This strong demand is meeting a constrained supply chain, creating significant pricing power for substrate makers. There are three key factors at play. First, Ajinomoto, the dominant supplier of essential ABF film, announced a roughly 30% price hike effective in the third quarter of 2026. Second, the cost of other key raw materials, like copper, has surged over 37% in the past eight months. Third, a weaker New Taiwan Dollar provides a tailwind for Taiwanese exporters. This confluence of rising input costs gives substrate makers the justification to raise their own average selling prices (ASPs) by an estimated 3-6%, making new investments in capacity expansion far more attractive.
Therefore, Nan Ya's decision to ramp up its capex is a direct and logical response to these market signals. It's not an isolated move but part of a synchronized industry-wide push.

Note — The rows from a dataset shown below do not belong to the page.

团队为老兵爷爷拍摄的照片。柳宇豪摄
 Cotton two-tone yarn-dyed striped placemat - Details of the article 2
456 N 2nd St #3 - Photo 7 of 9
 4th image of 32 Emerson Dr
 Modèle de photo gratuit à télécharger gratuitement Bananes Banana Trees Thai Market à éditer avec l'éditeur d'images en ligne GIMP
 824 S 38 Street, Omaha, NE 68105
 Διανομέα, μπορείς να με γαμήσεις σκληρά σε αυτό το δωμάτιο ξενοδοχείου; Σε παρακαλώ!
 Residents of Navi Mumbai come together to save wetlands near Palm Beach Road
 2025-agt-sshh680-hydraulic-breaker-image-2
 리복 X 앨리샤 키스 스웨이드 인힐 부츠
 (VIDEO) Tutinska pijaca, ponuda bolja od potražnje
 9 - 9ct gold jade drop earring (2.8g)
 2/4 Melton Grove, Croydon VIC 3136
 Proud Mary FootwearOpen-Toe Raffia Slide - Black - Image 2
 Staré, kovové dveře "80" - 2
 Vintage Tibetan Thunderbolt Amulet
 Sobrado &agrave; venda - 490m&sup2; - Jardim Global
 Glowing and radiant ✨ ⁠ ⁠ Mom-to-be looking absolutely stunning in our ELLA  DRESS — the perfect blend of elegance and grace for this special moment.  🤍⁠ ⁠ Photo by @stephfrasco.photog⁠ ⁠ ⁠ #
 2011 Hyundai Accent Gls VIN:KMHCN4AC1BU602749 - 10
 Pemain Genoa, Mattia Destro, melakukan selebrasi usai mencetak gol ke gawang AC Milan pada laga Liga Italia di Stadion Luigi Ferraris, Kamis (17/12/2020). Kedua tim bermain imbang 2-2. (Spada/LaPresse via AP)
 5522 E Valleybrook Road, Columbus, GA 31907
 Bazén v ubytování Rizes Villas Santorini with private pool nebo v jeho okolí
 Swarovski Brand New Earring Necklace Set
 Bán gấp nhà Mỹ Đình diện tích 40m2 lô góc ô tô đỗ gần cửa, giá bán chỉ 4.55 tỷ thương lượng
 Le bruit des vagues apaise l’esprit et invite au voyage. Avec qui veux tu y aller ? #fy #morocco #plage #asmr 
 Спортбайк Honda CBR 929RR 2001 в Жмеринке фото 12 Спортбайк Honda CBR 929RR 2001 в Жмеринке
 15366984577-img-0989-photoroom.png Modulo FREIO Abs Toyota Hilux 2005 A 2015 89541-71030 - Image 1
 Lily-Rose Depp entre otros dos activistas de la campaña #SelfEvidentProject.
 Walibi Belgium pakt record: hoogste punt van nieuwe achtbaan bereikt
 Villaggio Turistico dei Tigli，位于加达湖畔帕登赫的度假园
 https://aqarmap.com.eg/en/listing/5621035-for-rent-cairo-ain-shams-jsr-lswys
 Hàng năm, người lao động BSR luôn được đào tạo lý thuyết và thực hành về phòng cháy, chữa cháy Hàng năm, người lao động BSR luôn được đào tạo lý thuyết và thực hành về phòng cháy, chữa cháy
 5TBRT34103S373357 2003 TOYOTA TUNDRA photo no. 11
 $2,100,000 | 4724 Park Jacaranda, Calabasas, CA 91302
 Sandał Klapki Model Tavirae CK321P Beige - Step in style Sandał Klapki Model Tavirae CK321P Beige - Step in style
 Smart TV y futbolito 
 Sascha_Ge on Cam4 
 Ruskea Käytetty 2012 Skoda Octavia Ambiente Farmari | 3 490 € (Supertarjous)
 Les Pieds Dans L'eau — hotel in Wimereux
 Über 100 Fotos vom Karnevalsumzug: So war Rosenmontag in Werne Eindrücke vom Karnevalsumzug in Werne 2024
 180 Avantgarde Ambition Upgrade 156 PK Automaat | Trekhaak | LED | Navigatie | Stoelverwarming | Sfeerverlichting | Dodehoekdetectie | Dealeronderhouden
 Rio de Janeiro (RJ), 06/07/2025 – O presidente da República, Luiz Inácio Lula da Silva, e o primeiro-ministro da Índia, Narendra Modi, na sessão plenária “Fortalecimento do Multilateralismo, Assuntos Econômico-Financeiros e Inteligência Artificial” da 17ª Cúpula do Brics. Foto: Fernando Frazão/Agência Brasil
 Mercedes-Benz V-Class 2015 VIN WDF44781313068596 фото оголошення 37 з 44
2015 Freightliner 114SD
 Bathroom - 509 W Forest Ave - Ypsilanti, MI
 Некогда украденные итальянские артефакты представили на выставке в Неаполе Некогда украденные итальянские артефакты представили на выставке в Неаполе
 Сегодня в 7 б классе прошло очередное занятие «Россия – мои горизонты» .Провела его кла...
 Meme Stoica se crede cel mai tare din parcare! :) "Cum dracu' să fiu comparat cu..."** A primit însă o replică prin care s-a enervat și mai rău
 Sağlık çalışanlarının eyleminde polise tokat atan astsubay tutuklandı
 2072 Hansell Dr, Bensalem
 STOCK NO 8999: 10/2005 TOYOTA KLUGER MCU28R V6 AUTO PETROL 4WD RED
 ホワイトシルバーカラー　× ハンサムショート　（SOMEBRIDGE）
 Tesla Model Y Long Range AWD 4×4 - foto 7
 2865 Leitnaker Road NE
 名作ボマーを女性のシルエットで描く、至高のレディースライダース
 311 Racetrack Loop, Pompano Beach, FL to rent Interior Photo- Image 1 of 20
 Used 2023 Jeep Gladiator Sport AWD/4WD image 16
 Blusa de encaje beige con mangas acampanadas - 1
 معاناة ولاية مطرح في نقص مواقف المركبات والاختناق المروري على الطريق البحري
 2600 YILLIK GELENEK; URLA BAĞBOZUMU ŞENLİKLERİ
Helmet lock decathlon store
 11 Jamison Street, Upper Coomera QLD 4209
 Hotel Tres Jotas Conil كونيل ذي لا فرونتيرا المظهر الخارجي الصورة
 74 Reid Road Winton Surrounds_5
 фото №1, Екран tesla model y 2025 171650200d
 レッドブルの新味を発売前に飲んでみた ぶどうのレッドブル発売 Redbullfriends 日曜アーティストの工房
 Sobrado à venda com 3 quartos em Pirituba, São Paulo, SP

Upstream, foundries like TSMC are aggressively expanding their advanced packaging capacity. Downstream, memory companies are pouring billions into HBM production. Nan Ya is positioning itself to capture this wave of demand, de-risked by long-term customer commitments and a favorable pricing environment.
In essence, Nan Ya's investment signal highlights a critical shift in the semiconductor value chain. The bottleneck for AI hardware is no longer just about leading-edge silicon, but increasingly about the advanced packaging and substrates needed to connect everything. This suggests the substrate sector is moving from a cyclical industry to one with structural, long-term growth drivers.
- ABF Substrate: Ajinomoto Build-up Film substrate is a high-performance circuit board component essential for connecting advanced chips like CPUs and GPUs to the rest of a system.
- Capex: Capital expenditure, or the money a company spends to buy, maintain, or upgrade physical assets like factories and machinery.
- CoWoS: Chip-on-Wafer-on-Substrate is an advanced packaging technology developed by TSMC that stacks multiple chips together to improve performance and efficiency, widely used in AI accelerators.